I would definitely build a structure for the LP system to be housed in. Take the OWB out and build the garage where the OWB sits so the lines can come right in through the floor. I would insulate it and use it for storage (snowmobile trailer, lawn tractor/blower, yard tools, snowmobiles, etc.). This would also free up more space in my shop so I have more space to work for once! 
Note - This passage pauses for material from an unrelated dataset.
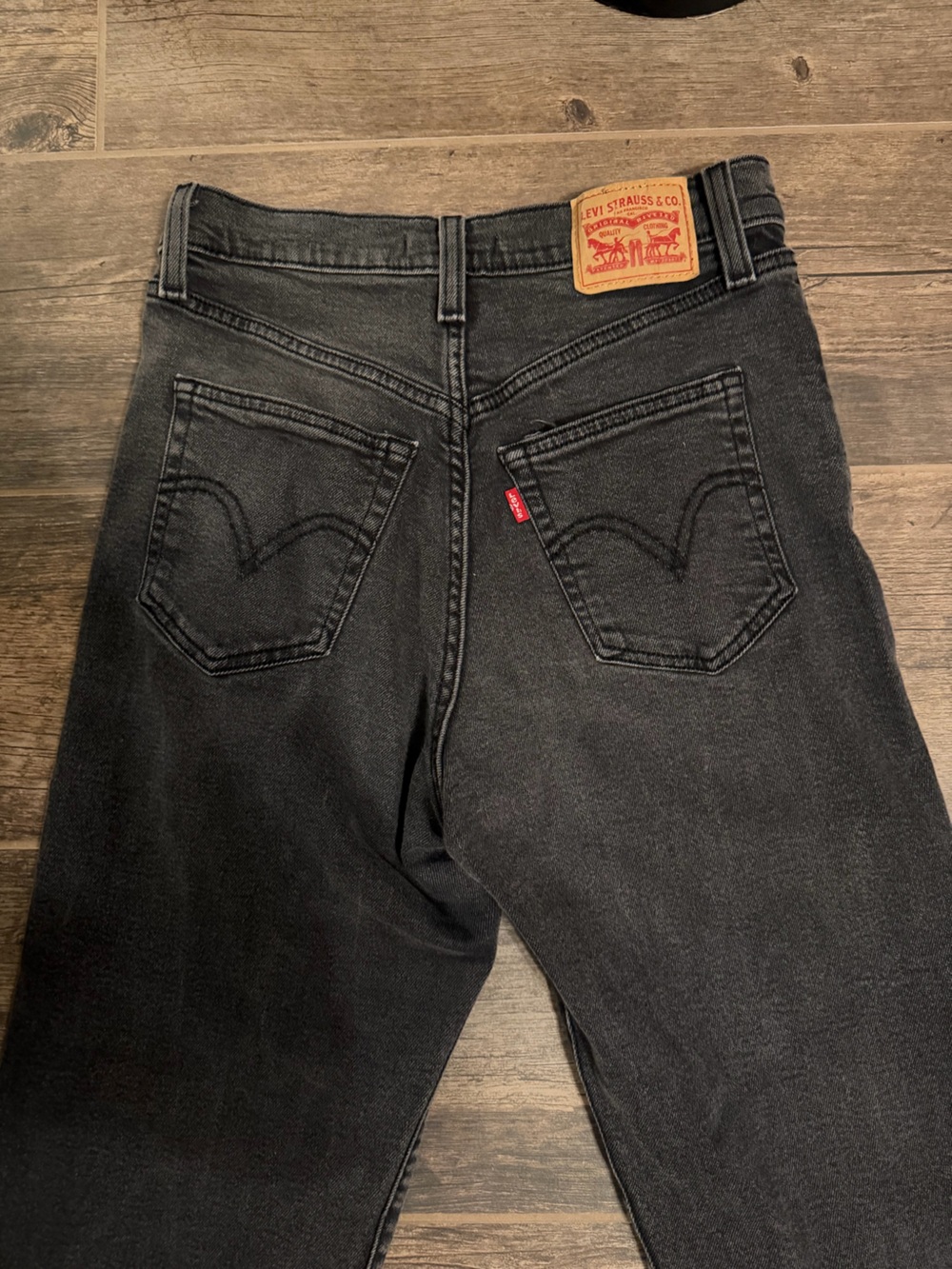 Levi's Women's Black Cropped Straight-Leg Jeans - Picture 5 of 7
Regarding Semi-pressurized, I may be wrong. I was told that particular OWB was semi-pressurized because it uses a weighted ball type cap on top of the boiler. This holds about 5psi is all. Should the boiler overheat, the boiling water can push the ball up and boil out as needed. There may be a more scientific term for this, but semi-pressurized is what I was told.


----------



## Karl_northwind (Nov 22, 2018)

2 things to consider in this application: heat loss from underground pipe.  it can be substantial, and if it's anything but foamed thermopex or logstor or something don't burn propane to heat the ground.  
second: condensate disposal.  you won't have a lot if you are running at 160-180 F, but you do need a way to dispose of it.  in full condensing, a gallon of LP burned yields you almost a gallon of condensate. if you are running hard, you could have 2 gallons an hour to dispose of.  then it freezes outside.


----------



## amsoil dealer (Dec 3, 2018)

the piping in the ground is thermopex or something similar (insulated pipe). should be no worries there.

regarding the condensate, I don't know much about propane systems. Where will the condensation be accumulating?


----------



## maple1 (Dec 3, 2018)

All insulated pipe is not the same. So could still be a heat loss issue there. Maybe a big one. Especially if it is as old as the 30 year old Heatmor.

The condensation would be in the flue gasses.


----------



## amsoil dealer (Dec 5, 2018)

The previous owner got the boiler as partial payment for a job that he did. Not sure what year it was installed, but I know it's less than 22 years old as that's when the house was built.


----------



## Karl_northwind (Dec 7, 2018)

a thorough figuring out of what your underground heat loss is needed.  if it's acceptable, a non-condensing boiler (which will get you up to about 85 % efficiency) could be installed at your outdoor boiler location.  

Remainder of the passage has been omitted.